Hotz is now teasing the product again just a month later and he is scheduled to release more details later today.
Hotz’s project caught the industry’s attention after he released an email conversation he had with Elon Musk in which Tesla’s CEO offered him a contract with a “multimillion-dollar bonus” for him to build a new Autopilot system for Tesla and discontinue Mobileye’s part of the program.
He didn’t take the job and decided instead to launch his own company to develop driver assists and semi-autonomous products. In the meantime, Tesla still managed to discontinue Mobileye’s chip in the Autopilot hardware when it introduced the second generation hardware last month.
Hotz’s Comma One was (or is?) a small device with a camera that would replace your rearview mirror and a radar that customers can install themselves. Before being “canceled”, it was going to cost $999, but users were going to have to pay a $24 monthly subscription for Comma.ai’s software.

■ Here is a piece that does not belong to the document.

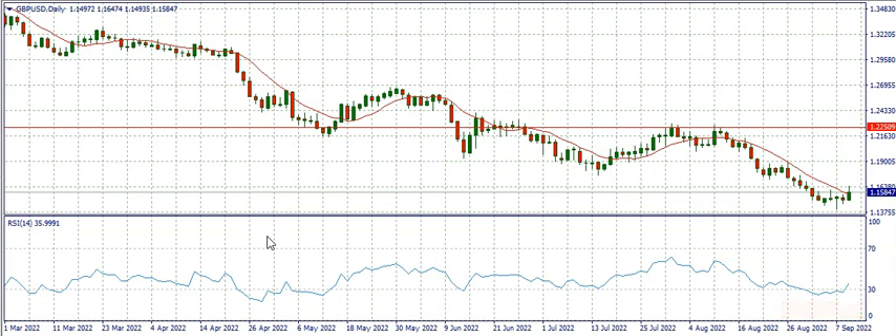Before we get into the business of this video, I'd like to say congratulations to those who took the trade based on our last analysis of GBPUSD. When we did our analysis last week, GBPUSD was at a certain level and we said the market would go bullish. After the news on Tuesday — which we traded live — we said the market would go bullish, and it did. So if you took the trade, congratulations — you must have made a couple of bucks.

Yesterday, he announced a press conference for today:
Press conference tomorrow at 10 am in SF. E-mail me for the location, george@comma.ai. You won't want to miss this. #FeelingsMatterBro
— comma (@comma_ai) November 29, 2016
Then he released a teaser demonstration of what appears to be an updated version of the ‘comma one’:
Followed by a reaffirmation that the comma one is “cancelled” with a picture of a few prototypes:
🎵 I'm never going back, the past is in the past 🎵 #cancelled pic.twitter.com/OBfkay7KKY
— comma (@comma_ai) November 30, 2016
If you are confused, I think that’s the point. Though it looks like the device is being revived with an updated version.
Considering the startup secured funding from high-profile VC firm Andreessen Horowitz with a $3 million investment — potentially bringing the startup’s valuation to $20 million, it wasn’t likely that Hotz’s announcement last month would be the end of the project.

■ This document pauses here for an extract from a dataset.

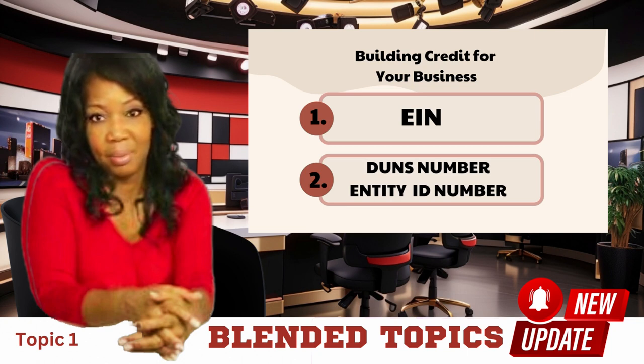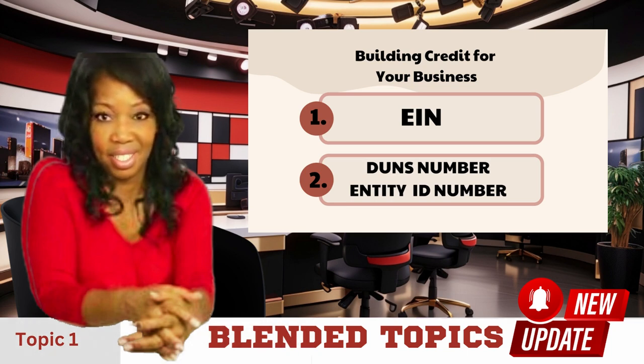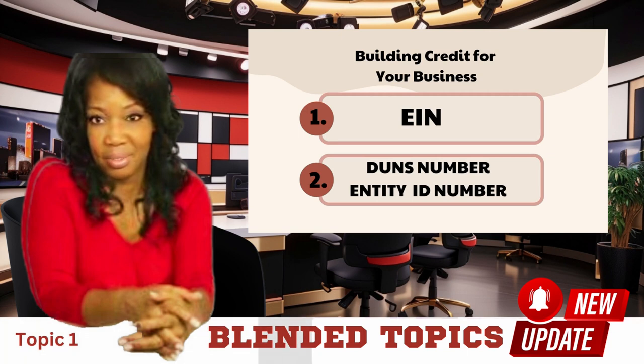Next, you're going to obtain your DUNS number or Entity ID number through sam.gov. The DUNS number is obtained through Dun & Bradstreet, and your Entity ID number through sam.gov. This process is very important because you need this number to make sure that your score is growing through the use of your Tradeline accounts.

Though if comma.ai wants to sell its products in the US, it still has to go through the information requested from NHTSA, which seemed to have prompted the “cancellation” of the product last month.
Hotz’s small team has seen some changes since his last announcement. Riccardo Biasini, a former Tesla Autopilot engineer who joined Hotz’s startup earlier this year, changed his LinkedIn status to announce the end of his job at comma.ai earlier this month.
But the team also gained a new engineer: software engineer Michael Graczyk joined from Google last month.
We should know more about Hotz’s plan later today. We will update with more information.